Photo Credit: Sky Sport
Like many other things over the years, football has changed. The football of our grandparents and fathers, the football we all fell in love with as children, is undergoing a drastic change. For the time being, the short but intense epic of the Super League (or #ESL) has ended amidst the jeers of the fans and the scorn of public opinion. This is a well-deserved fate for the promoters of the initiative, who got everything wrong, and not just from Sunday 18 April 2021 onwards. The urgency to create a super league was mainly dictated by the colossal debts that many of them got themselves into, spending far more than possible and circumventing in every way the very fragile financial fair play regulations. The 'surprise' announcement provoked an instinctive and fierce reaction from the outside world and institutions, to which the founding members proved incredibly unprepared. Let's analyse the pros and cons of this proposal.
Pros of the Super League
The advantages of the creation of the Super League? None... at least for us human beings. Probably just the pleasure of having a level match every week, but that's it. On the contrary, for the clubs the pros increase, just like their earnings. The 15 founding clubs are companies that turn over millions of euros every year. The Super League, unlike the Champions League, would have guaranteed permanent income. In short, the thinking of the founding clubs was to put together a fiercer European competition, so that they would have increased their overall revenue. But for us, as supporters, the only thing left is that bad feeling, that emptiness... as if our best friend, the ball, was slowly deflating.
The cons of Super League
There are not many words to describe what some presidents have tried to do to football. A game, with more than 150 years of history, is being further distorted for the sake of money. The primacy of sporting merit in the ESL would have been sacrificed for the benefit of a closed and predefined circle of clubs. But to prevent a team from even the slightest chance of advancing to higher levels is like removing the main element of the game of football: ambition and sporting glory. The top European competitions should be for the teams that deserved it the year before, not for those who won in the past.
It is still unclear whether it was street riots, protests by coaches and captains, the demands of the ultras, pressure from the British government, or something else that nipped the Super League project in the bud.

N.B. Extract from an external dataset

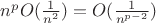 $n^p O(\frac{1}{n^2}) = O(\frac{1}{n^{p-2}})$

The fact is that on the evening of Tuesday 20 April, not even 48 hours after the announcement of its birth, the new league crumbled. The six English teams abandoned the project. Liverpool and Arsenal even apologised to their own fans, while admitting the influence of the stakeholders (i.e. all those who bring money to the club, not just those who go to the stadium wearing a scarf) in the decision to give up. Those of the 'Big Six' were followed by the steps back by Atletico and the two Milanese.
In the statement through which the Super League announced the suspension of activities, however, a significant sentence appears: 'We will reconsider the most appropriate steps to reshape the project'.
This means that the implementation of this project could simply be postponed, but not ruled out altogether. While waiting for the issue to come up again, between one mockery and another, it would be useful to ask ourselves whether the idea of the Super League is just a springtime brainchild of a group of crazy billionaires, or an inevitable step, a natural evolution of the professional branch of the world's most beloved sport.